If you didn't know better, you'd swear "The Happening" was supposed to be taken as a joke. An elaborate and sometimes head-scratching one, but a joke nonetheless. ...
Unfortunately, once-respected screenwriter and director M. Night Shyamalan ("Signs," "The Sixth Sense") has proved he really doesn't have much of a sense of humor when it comes to himself or his movies.
So, it seems his latest film a science-fiction/thriller that features a rather heavy-handed environmental message was obviously meant to be taken seriously.
However, the movie is so inept in terms of coherent, cohesive storytelling and in some other filmmaking aspects that it deserves to be laughed off the screen. Also, it's by far Shyamalan's most violent film. There are some gory moments that easily merit the R rating it boasts.
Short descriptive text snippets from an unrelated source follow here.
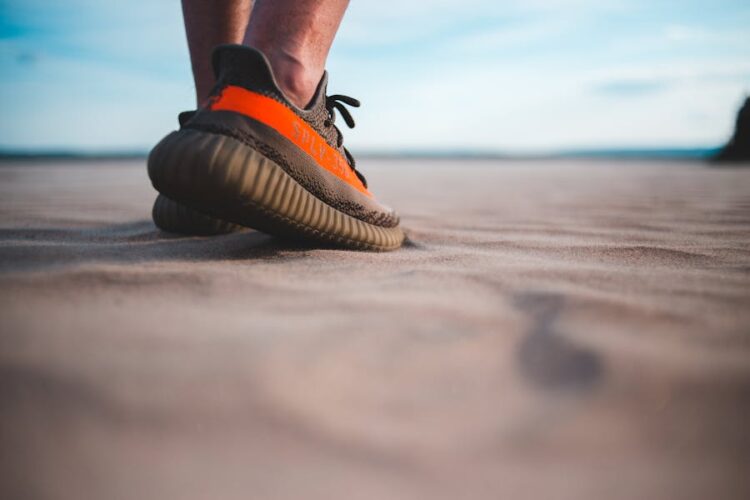 How To Stay Comfortable and Stylish in Summer Work Attire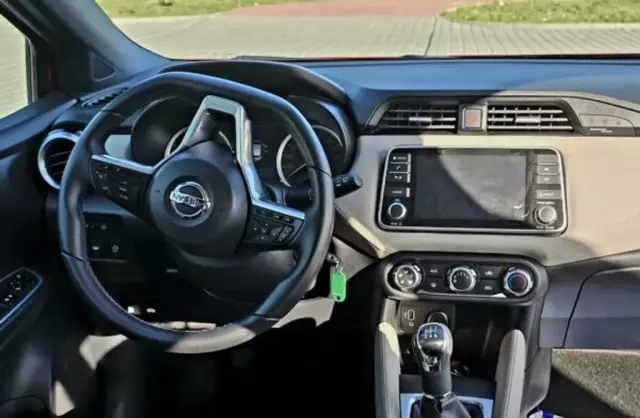 NISSAN Micra 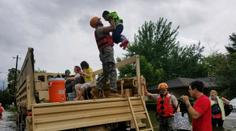 Na Houston se žene další vlna záplav: Lidé uvízli na střechách
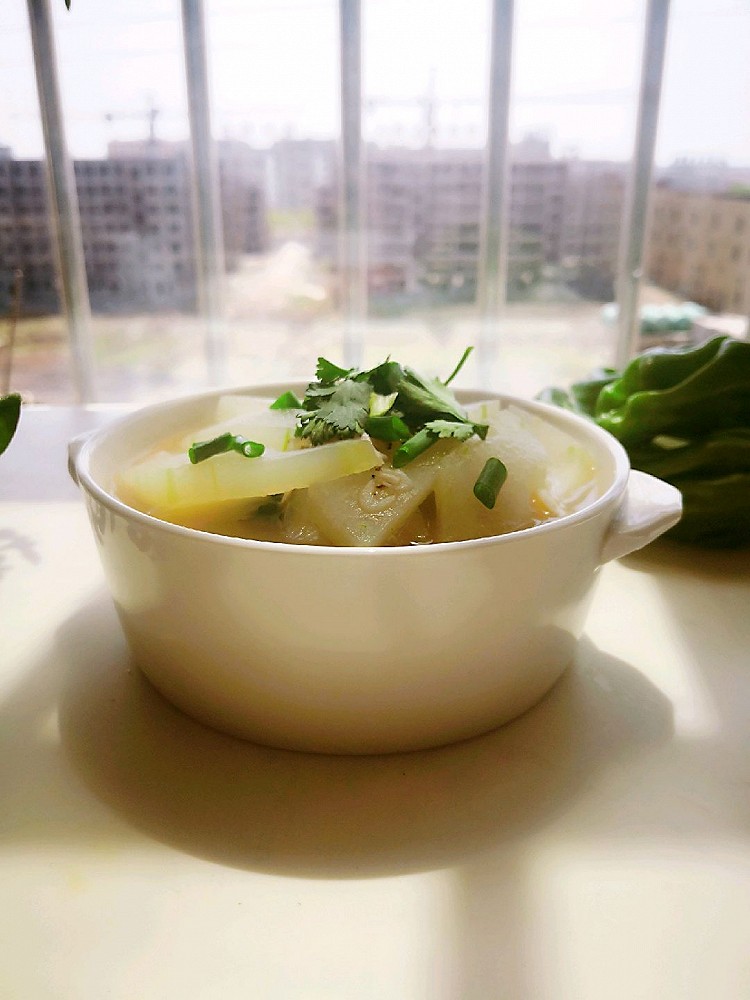 鲜美～冬瓜～虾皮汤的做法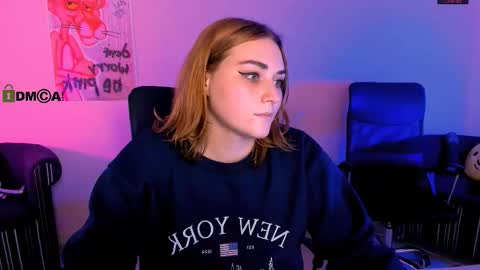 casey_meow_ online show from 12/05/25, 10:02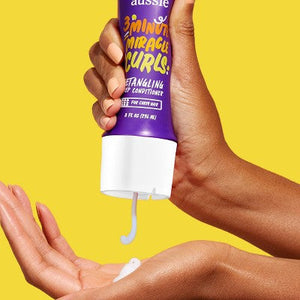 Aussie 3 Minutes Miracle Curls Detangling Deep Conditioner 8 fl oz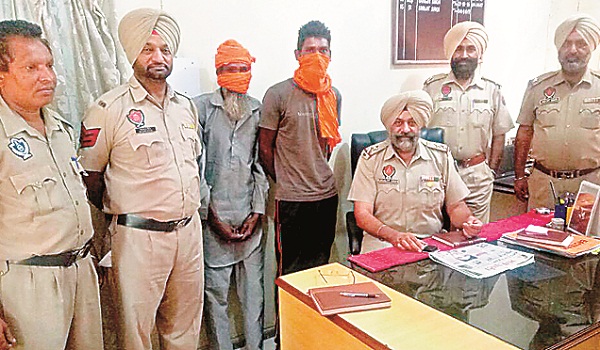 ਨਸ਼ੀਲੇ ਕੈਪਸੂਲਾਂ ਤੇ ਨਾਜਾਇਜ਼ ਸ਼ਰਾਬ ਸਮੇਤ 2 ਗ੍ਰਿਫਤਾਰ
As for the movie's somewhat nebulous title, it refers to sudden mass hysteria that occurs along the East Coast. In New York's Central Park, visitors have been killing themselves.
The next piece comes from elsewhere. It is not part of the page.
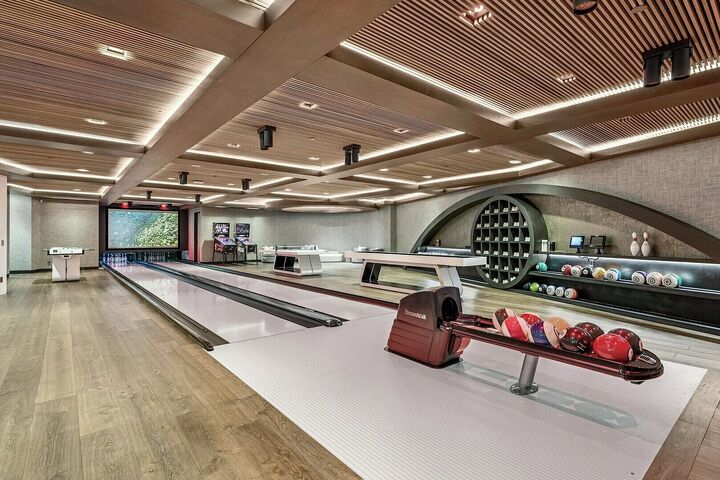 Games Room & Bowling Alley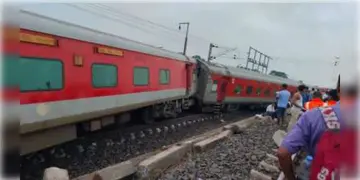 Read more about - Howrah-Mumbai Train Derailed | লাইনচ্যুত হাওড়া থেকে মুম্বইগামী সিএসএমটি এক্সপ্রেস! বেলাইন ১৮টি কামরা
At first, it's believed this may have been caused by some sort of toxin that's been either released into the atmosphere by terrorists or coming from other causes.
And as the suicidal behavior spreads, it sets off panic as far away as Philadelphia, which is where Elliot Moore (Mark Wahlberg) lives.
The high school teacher and his wife, Alma (Zooey Deschanel), have a strained relationship, but they have agreed to put aside their differences until the crisis is over.
The only times the film connects is in these quieter moments, the ones dealing with the human drama. The rest of it is so silly that this talented cast seems to be having a hard time keeping a straight face.
That's even true of Deschanel, a usually strong actress who gives one of her less-convincing performances."The Happening" is rated R for strong, often disturbing violent imagery (acts of suicidal behavior, including shootings, vehicular mayhem, an animal mauling and wrist slitting), some fairly graphic gore and blood, scattered profanity, brief drug references, and use of some crude slang terms and derogatory slurs. Running time: 91 minutes.